The next day only three white men, Mr. Homan, Mr. McIntosh and Corporal Shircliff, were placed in charge. About half the stores were put on the deck, the raft swung by ropes into the swift current of the stream so as to float it well out into the lake, and as the rude sail was spread to the increasing wind, the primitive craft commenced a journey that was destined to measure over thirteen hundred miles before the rough ribs of knots and bark were laid to rest on the great river, nearly half a thousand miles of whose secrets were given up to geographical science through the medium of her staunch and trusty bones. As she slowly obeyed her motive power, the wind began blowing harder and harder, until the craft was pitching like a vessel laboring in an ocean storm; but despite this the middle of the afternoon saw her rough journey across the angry lake safely completed, and this without any damage to her load worth noticing. The three men had had an extremely hard time of it, and had been compelled to take down their wall tent sail, for when this was lashed down over the stores on the deck to protect them from the deluge of flying spray breaking up over the stern there was ample surface presented to the furious gale to drive them along at a good round pace, especially when near the bold rocky shores, where all their vigilance and muscle were needed to keep them from being dashed to pieces in the rolling breakers.

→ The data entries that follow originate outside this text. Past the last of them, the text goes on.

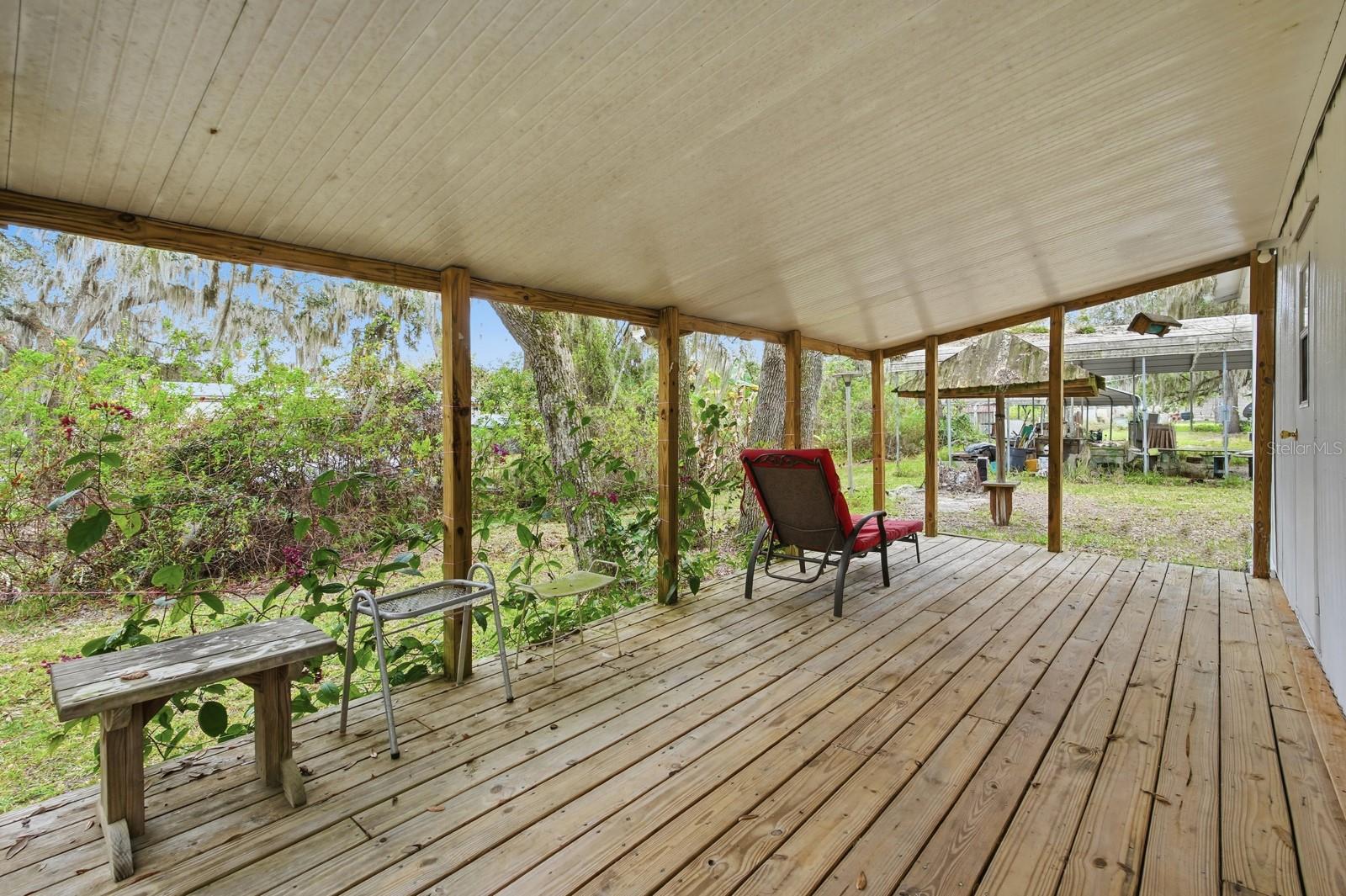 LAR ESTATES - Residential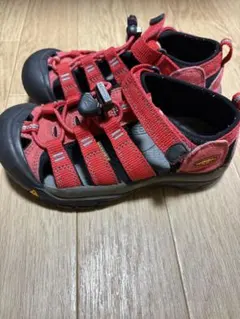 KEEN キッズサンダル レッド 18.5cm
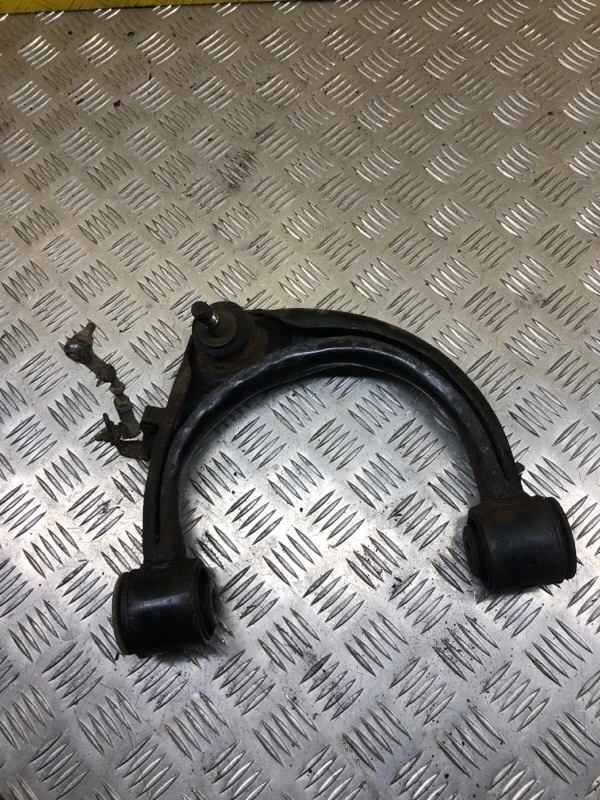 Рычаг передний правый Toyota Land Cruiser (100) 1998-2007 2000 4861060030 4.2 D 1HDFTE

They had started with a half dozen or so good stout poles, but in using them over the rocks on the bottom one would occasionally cramp between a couple of submerged stones and be wrested violently from their hands as the raft swept swiftly by before it could be extricated. The remainder of the personnel, white and native, scrambled over the rough precipitous mountain spurs on the eastern side of the lake, wading through bog and tangled underbrush, then up steep slippery granite rocks on to the ridge tops bristling with fallen burned timber, or occasionally steadying themselves on some slight log that crossed a deep cañon, whose bed held a rushing stream where nothing less than a trout could live for a minute, the one common suffering every where being from the mosquitoes. The rest of the stores not taken on the raft found their way along slowly by means of the two dilapidated canoes, previously described, in the hands of our own Indians.
As we neared Camp 7, at the outlet of Lake Lindeman, on the overland trail we occasionally met with little openings that might be described by an imaginative person as prairies, and for long stretches, that is, two and three hundred yards, the walking would really be pleasant.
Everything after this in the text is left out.